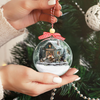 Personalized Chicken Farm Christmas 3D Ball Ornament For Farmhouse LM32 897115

☆ ☆ ☆ ☆ ☆ ☆ ☆

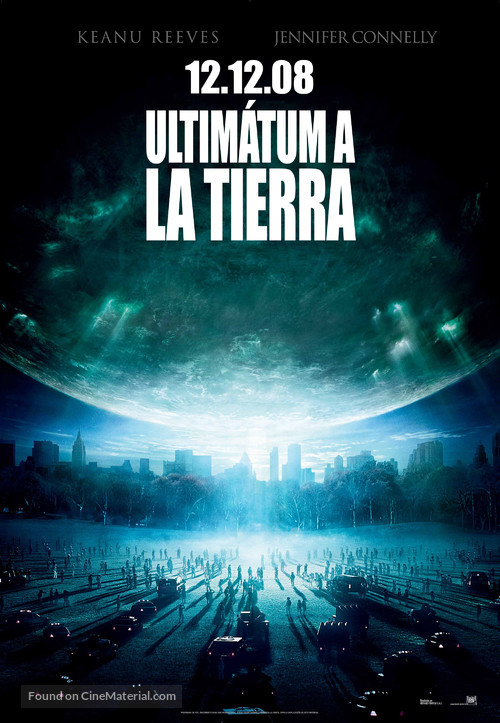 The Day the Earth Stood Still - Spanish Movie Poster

☆ ☆ ☆ ☆ ☆ ☆ ☆

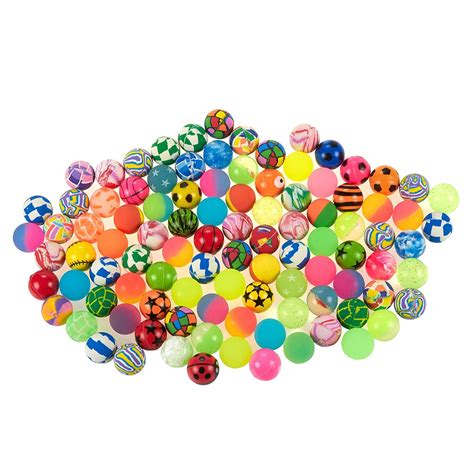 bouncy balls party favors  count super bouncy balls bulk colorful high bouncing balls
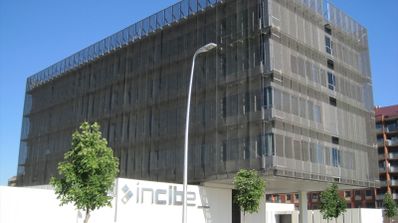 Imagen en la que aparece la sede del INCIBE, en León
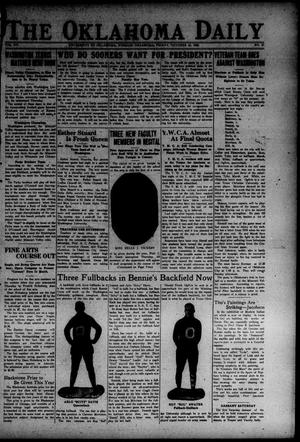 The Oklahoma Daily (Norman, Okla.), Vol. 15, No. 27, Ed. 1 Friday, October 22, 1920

☆ ☆ ☆ ☆ ☆ ☆ ☆

What you are asked to do: Within the listing above, copy exactly the lines that start at the one with "Imagen en la" and continue through the one with "The Oklahoma Daily". Omit pictures.

Task solution:
 Imagen en la que aparece la sede del INCIBE, en León
 The Oklahoma Daily (Norman, Okla.), Vol. 15, No. 27, Ed. 1 Friday, October 22, 1920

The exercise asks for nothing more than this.